### EXERCISE DETAILS
Copy out exactly the lines beginning with the one that contains "Capa Painel Redondo" and ending at the last line of the listing, skipping any pictures.

### GIVEN DATA

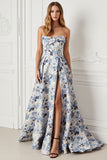Blue Flower Strapless A Line Printed Long Prom Dress with Slit
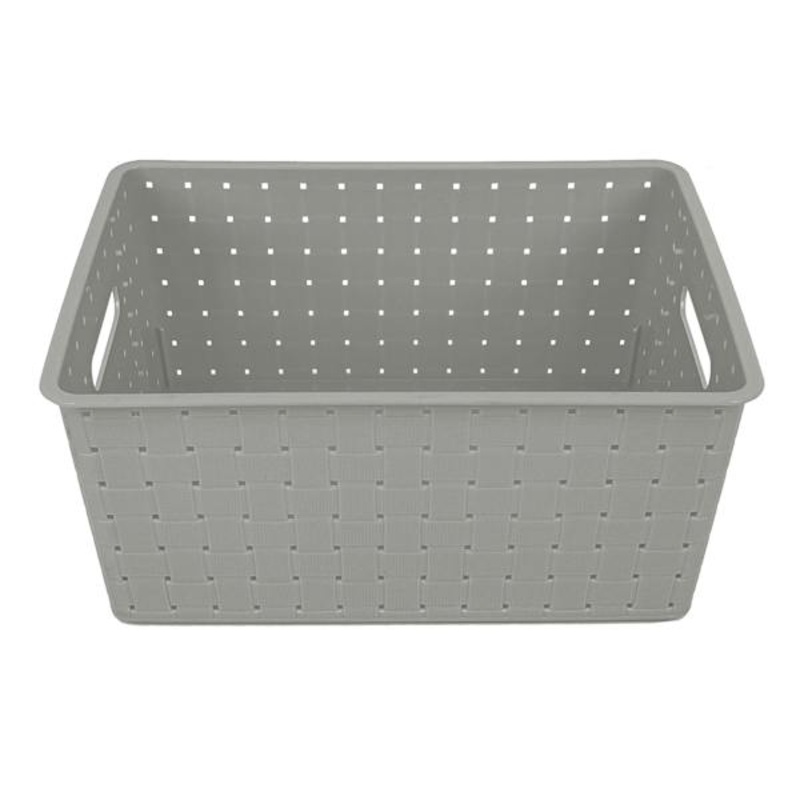 Tiny Dreamers Strap Design Weave Storage Basket, Cool Grey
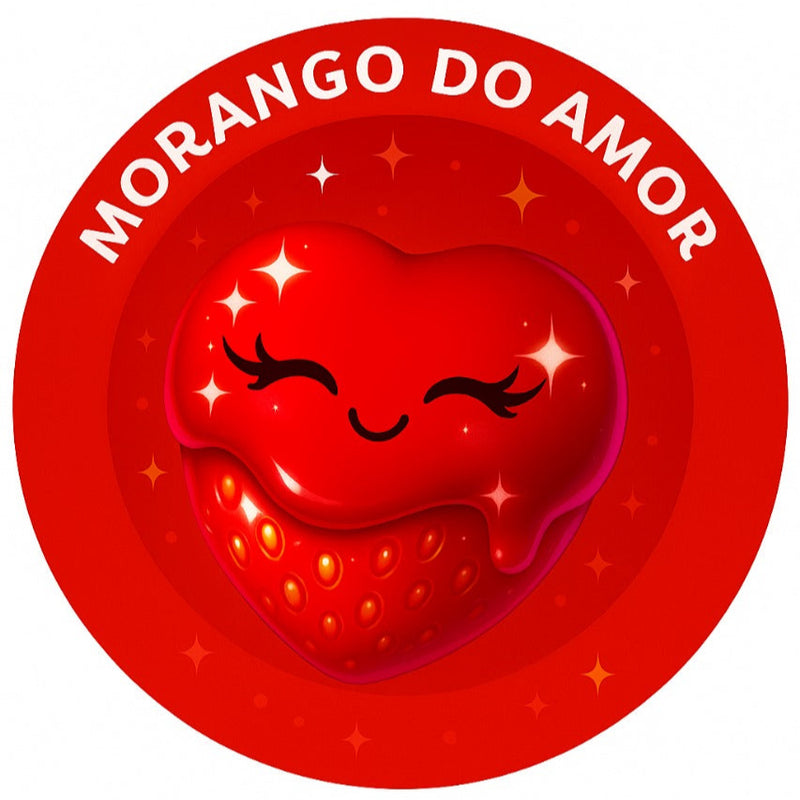 Capa Painel Redondo Mesa Morango do Amor Sublimado C/ Elástico 50×50Cm 06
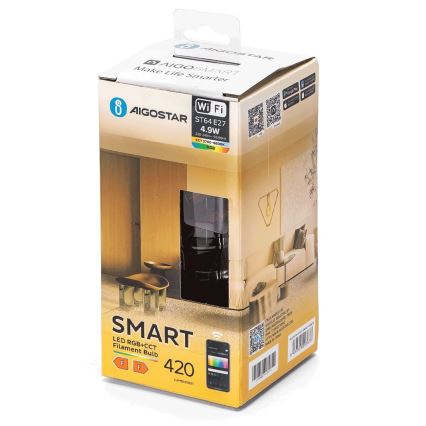 Dimmbare LED-RGBW-Lampe FILAMENT ST64 E27/4,9W/230V 2700-6500K Wi-Fi - Aigostar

### EXERCISE SOLUTION
 Capa Painel Redondo Mesa Morango do Amor Sublimado C/ Elástico 50×50Cm 06
 Dimmbare LED-RGBW-Lampe FILAMENT ST64 E27/4,9W/230V 2700-6500K Wi-Fi - Aigostar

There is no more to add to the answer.